Accounts receivable departments are responsible for managing the movement of revenue by way of the invoicing and collection process. Beginning at credit application through to invoice processing, follow-up, and late payment collection, the purpose of this AR business process and mission of accounts receivable departments is to deliver a healthy and consistent cash flow. A cash flow that will support and maintain profitability and overall good business growth for the organization.
A recent study illustrated that over 30% of small- to mid-sized businesses in North America currently experience or expect to experience difficulties with cash flow directly caused by late payments. Cash flow issues that will negatively impact their ability to pay employees, suppliers, forecasted company investments and overall financial decision processing.
What is the actual accounts receivable cycle?
The main goal of the AR process: To receive cash owed for goods and services into the business before invoices are past due or before they become bad debt. Achievement of this AR goal will deliver, support and maintain the profitability and overall good business growth we discuss in the short summary above.

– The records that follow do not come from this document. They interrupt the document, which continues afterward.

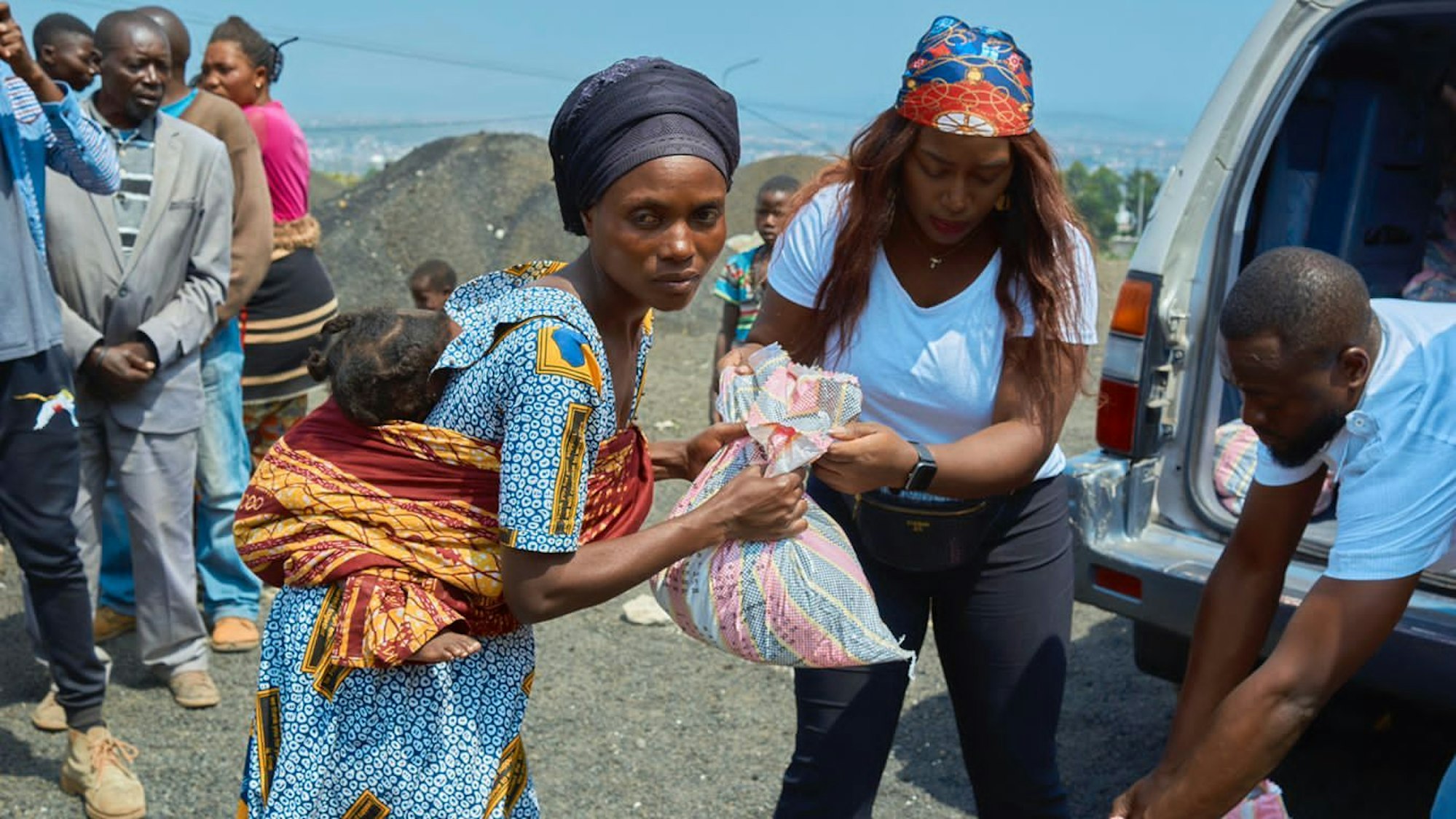 Die Kölnerin Deborath (Mitte) verteilt Hilfspakete an Geflüchtete.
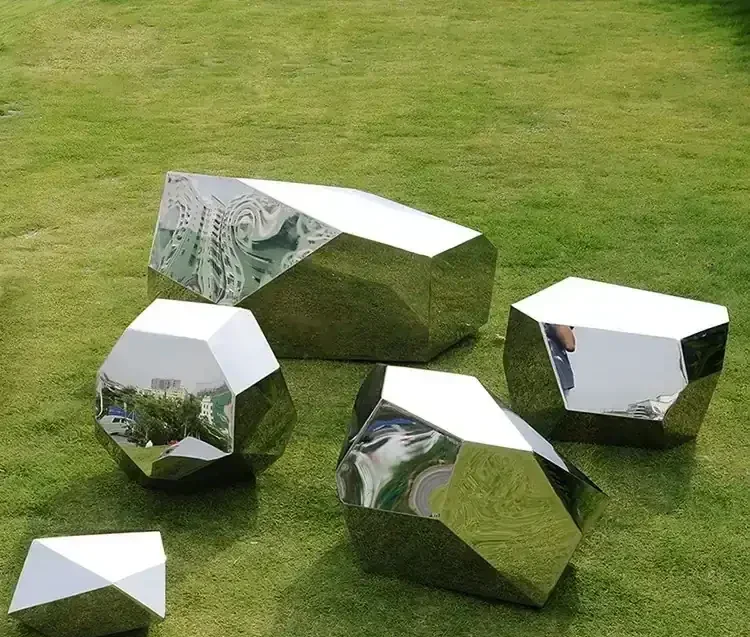 Faceted stainless steel geometric sculptures arranged on a green lawn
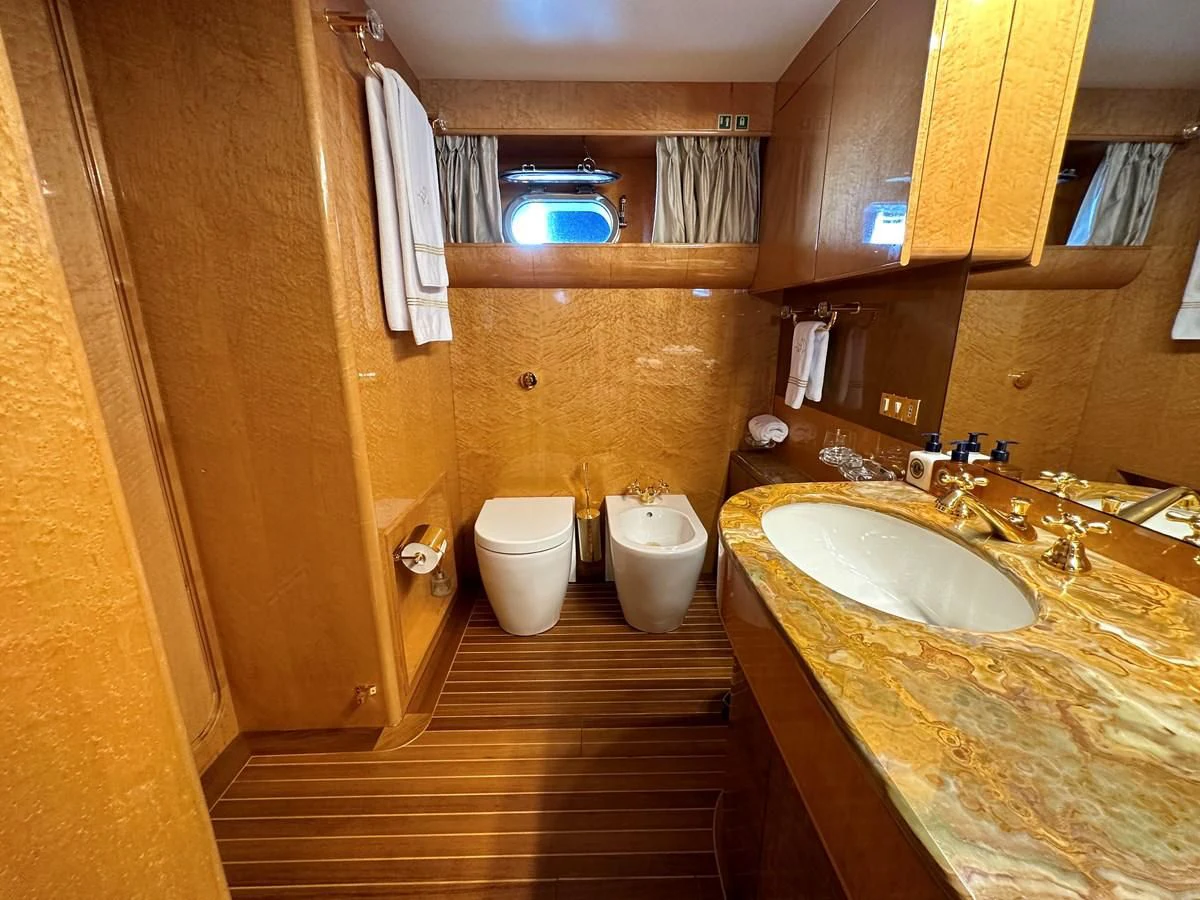 a bathroom with a wood floor aboard CHEETAH MOON Yacht for Sale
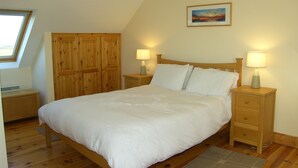 Ein Schlafzimmer mit einem hölzernen Bett, zwei Nachttischen mit Lampen, einem Holzschrank, einem Oberlicht und einem Gemälde an der Wand.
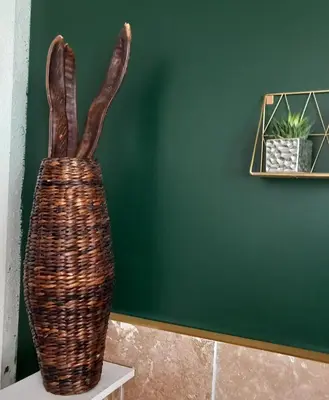a wicker vase sitting on a table next to a wall at Appartement au coeur du centre historique in Narbonne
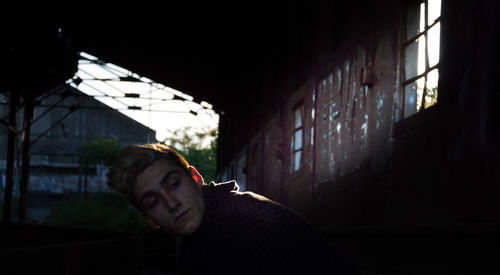 Portrait of young man looking away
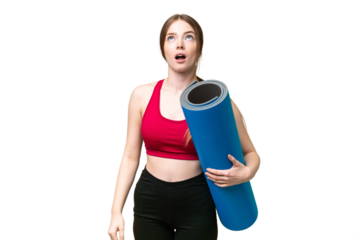 Young sport woman going to yoga classes while holding a mat over isolated chroma key background looking up and with surprised expression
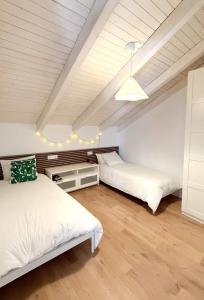 two beds in a room with white walls and wood floors at Posadas de Marí Casa Andreea 6 in Talavera de la Reina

What’s considered a successful accounts receivable process?
To be considered a successful AR process companies must consistently bring early payments in whenever possible. The ultimate goal of these efforts is to consistently support the company’s balance sheet economics. This is accomplished by minimizing past due payments through efficient and continual monitoring and follow-up. Sounds simple, however, consistency and diligence are the make-or-break in AR processing. This is discussed in more detail in receivables reporting below.
The mechanics: The AR cycle involves a straightforward and continuous process for notifying clients and customers about the money they owe, when it’s due and to communicate early payment benefit incentives, if offered. A standard Accounts Receivable cycle might look something like this:
- Sales and delivery – Customer notification regarding the sale and delivery of a product or service
- Invoice generation– Once the receivables department generates the invoice in the accounting system it is then sent to the customer and triggers the collection timeclock.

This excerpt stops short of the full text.